■ WORK REQUEST
Exactly as written, output each of the lines below, with no images.

■ DATASET EXCERPT
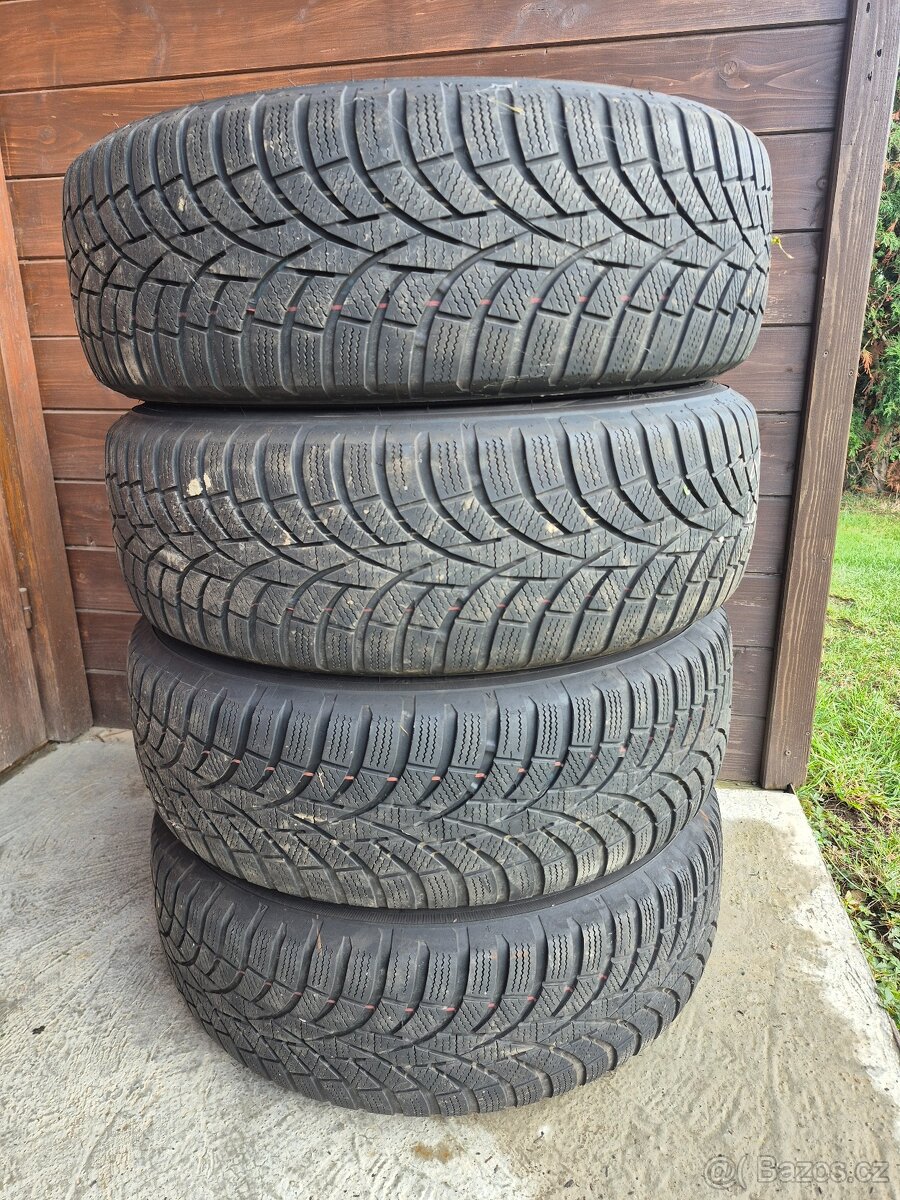Zimní kola 5x112 R15, 195/65/15
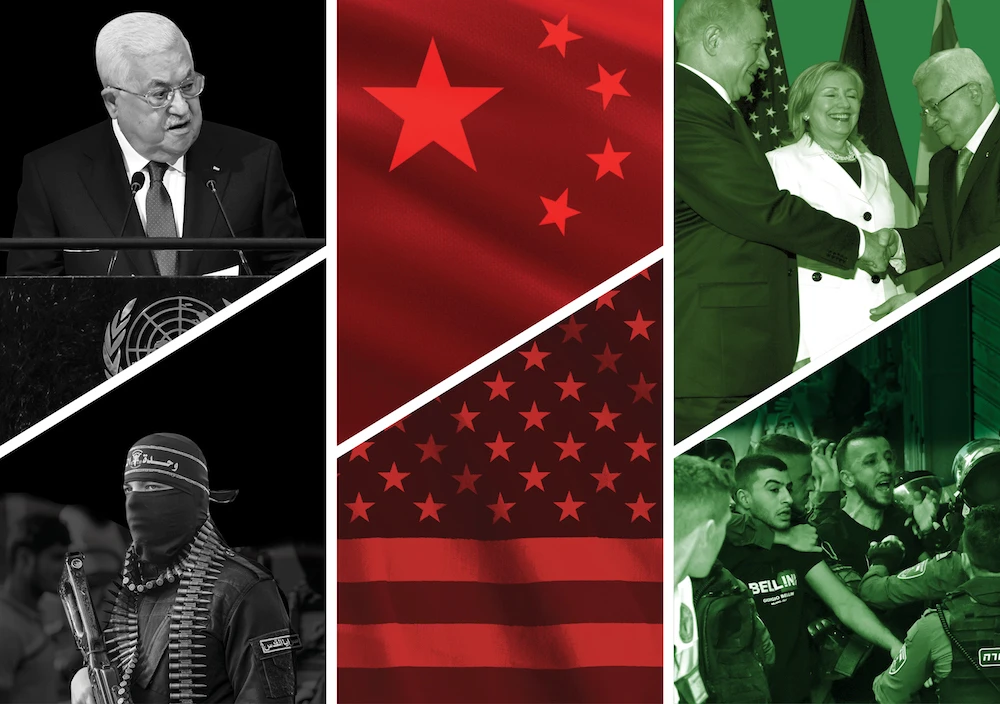 Arab News/YouGov poll surveys where Palestinians stand on Nakba’s 75th anniversary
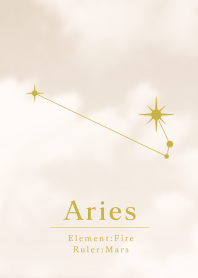 ✶ Aries ✶ 牡羊座
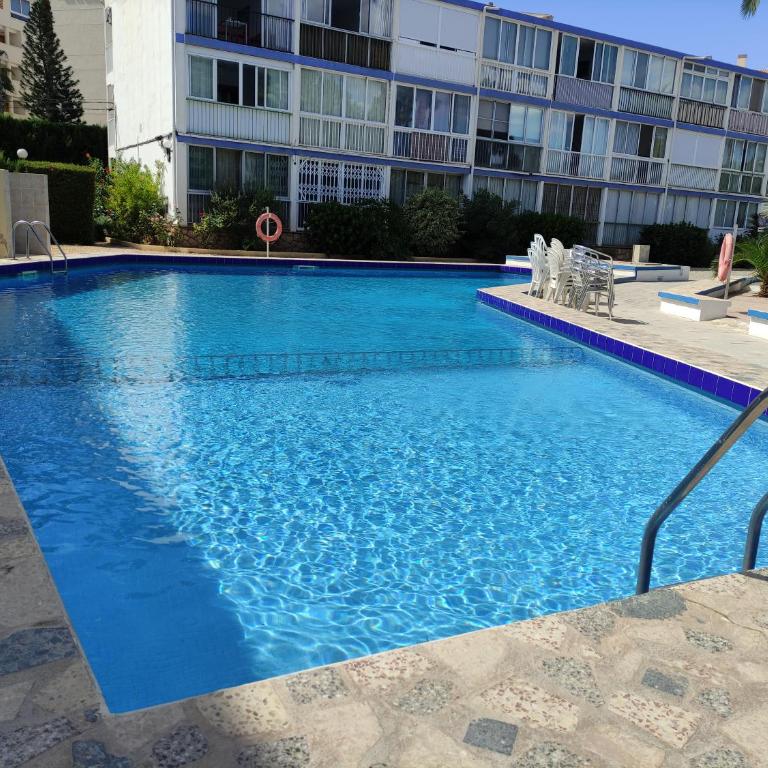 Albir cosy apartment - One-Bedroom Apartment - 29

■ SOLUTION TO THIS EXERCISE
Zimní kola 5x112 R15, 195/65/15
 Arab News/YouGov poll surveys where Palestinians stand on Nakba’s 75th anniversary
 ✶ Aries ✶ 牡羊座
 Albir cosy apartment - One-Bedroom Apartment - 29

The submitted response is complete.